Data provided
────────
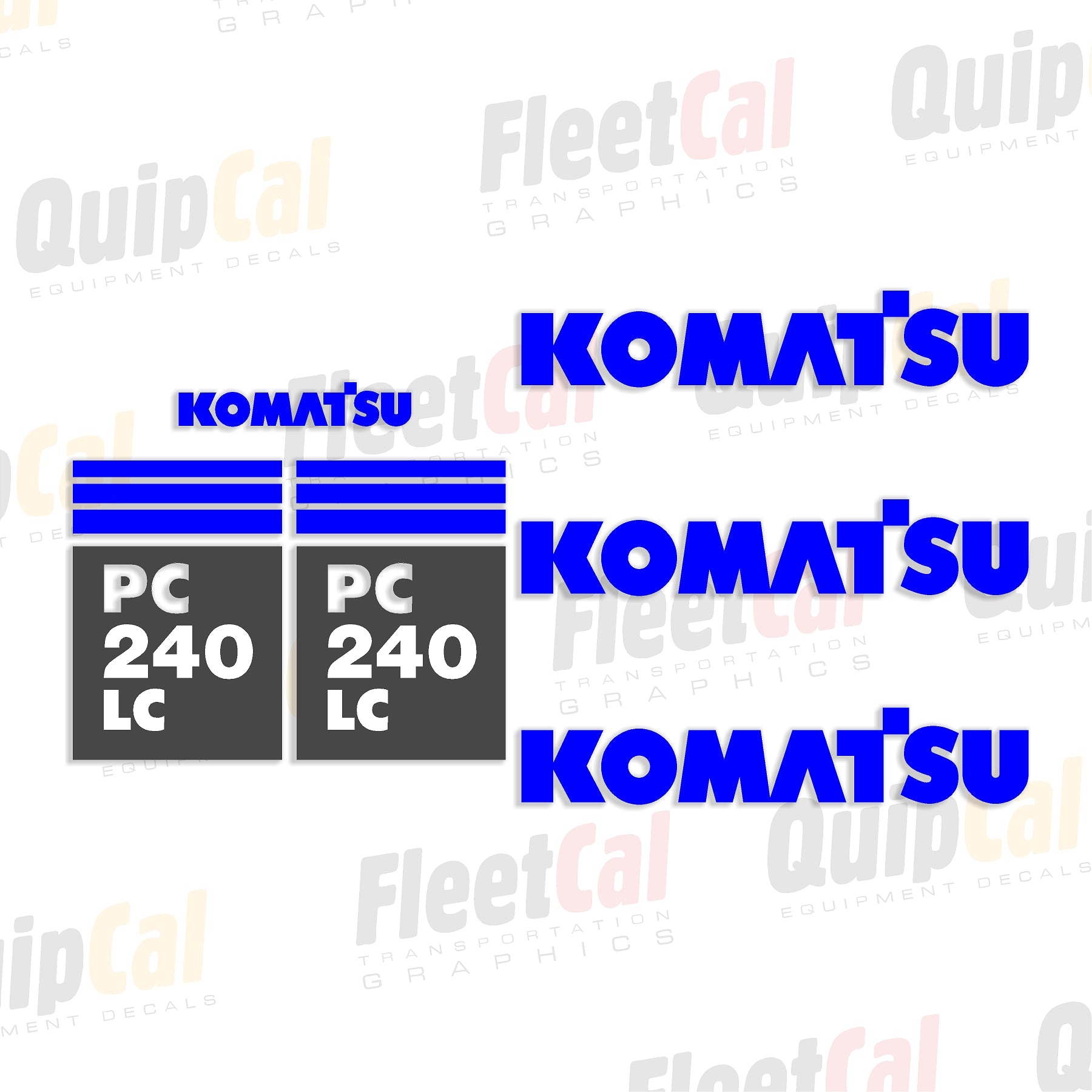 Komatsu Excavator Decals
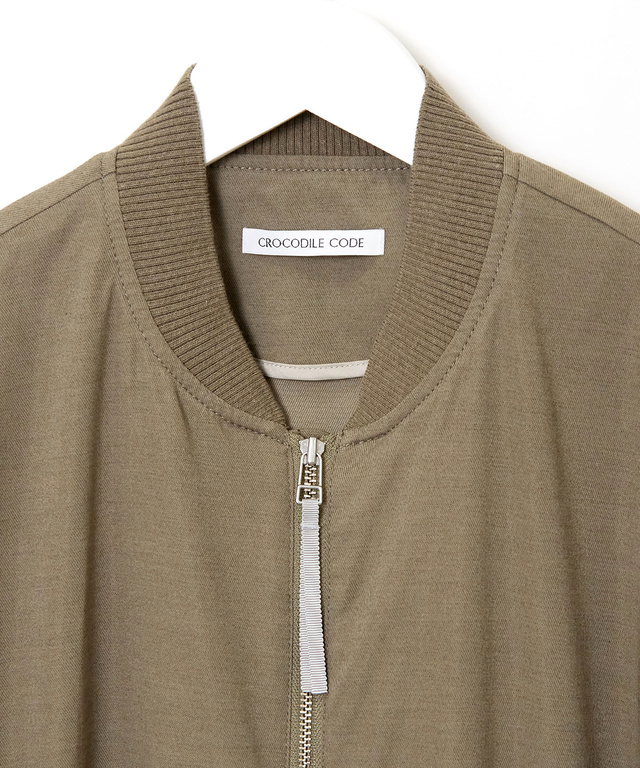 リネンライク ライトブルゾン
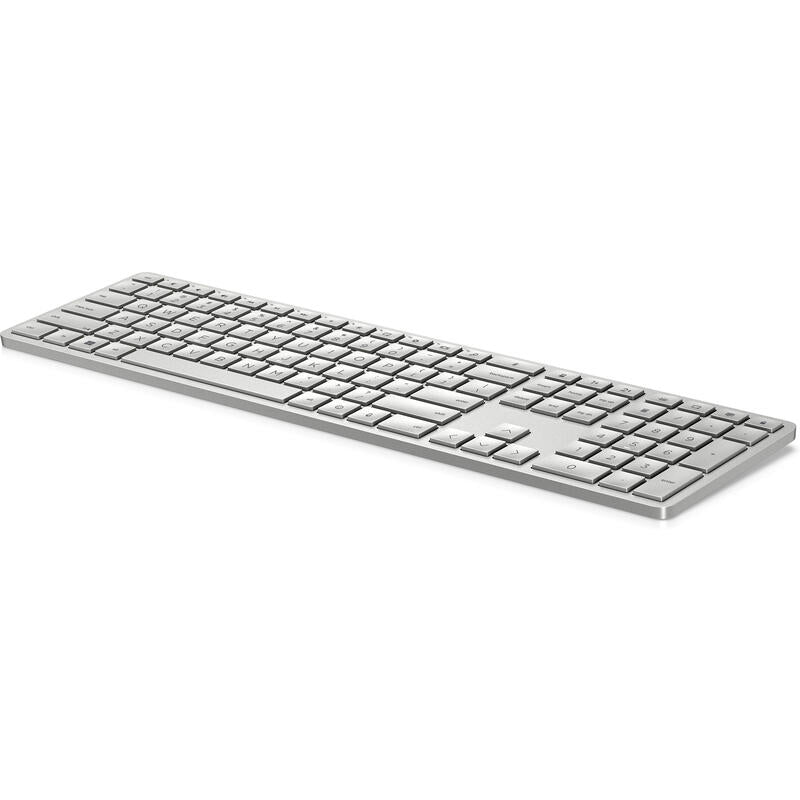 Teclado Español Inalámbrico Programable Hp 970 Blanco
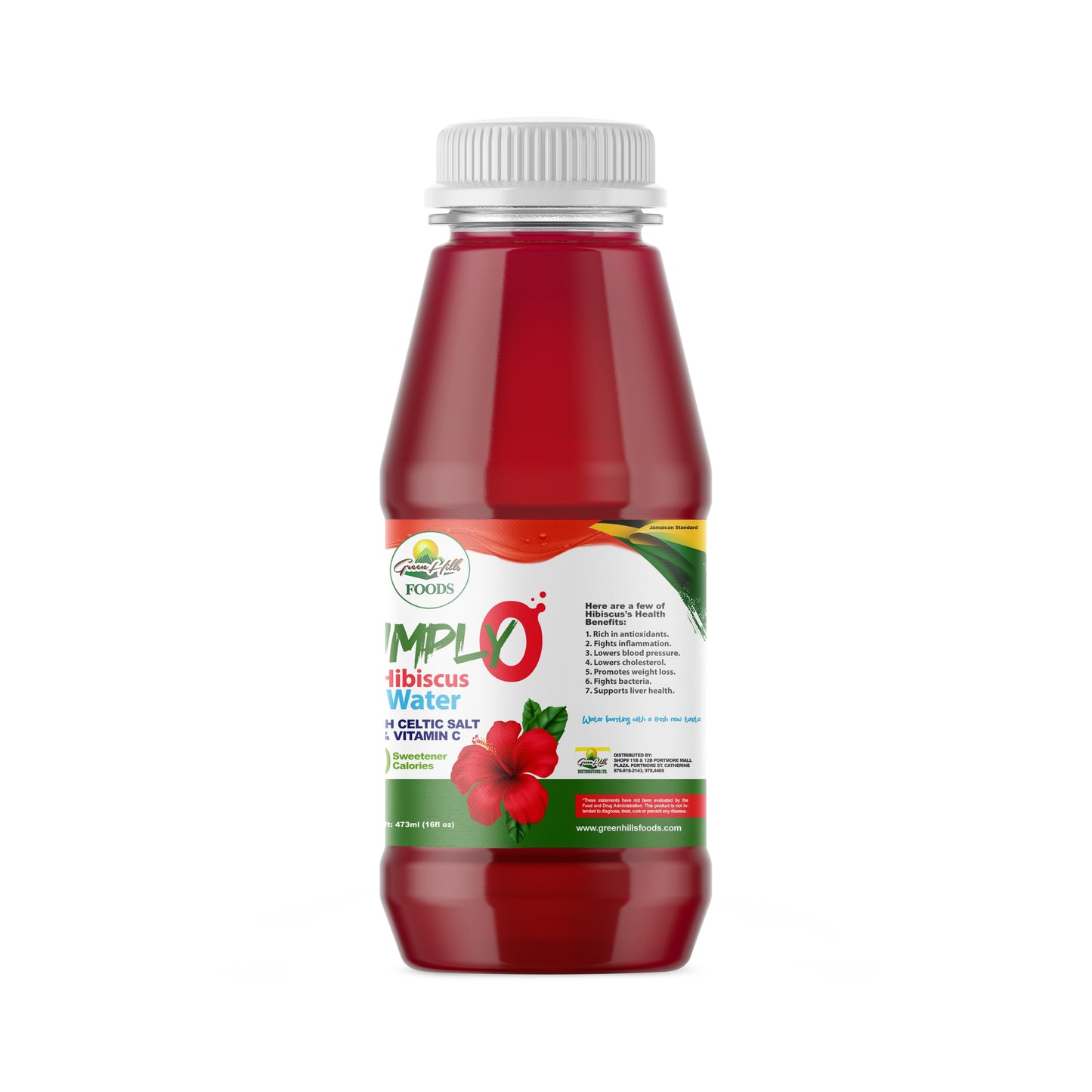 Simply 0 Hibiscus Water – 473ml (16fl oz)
────────
Exercise details
Look for the line that contains "リネンライク ライトブルゾン", then please copy it and the rest of the lines through the end of the data, pictures excluded.

Result
 リネンライク ライトブルゾン
 Teclado Español Inalámbrico Programable Hp 970 Blanco
 Simply 0 Hibiscus Water – 473ml (16fl oz)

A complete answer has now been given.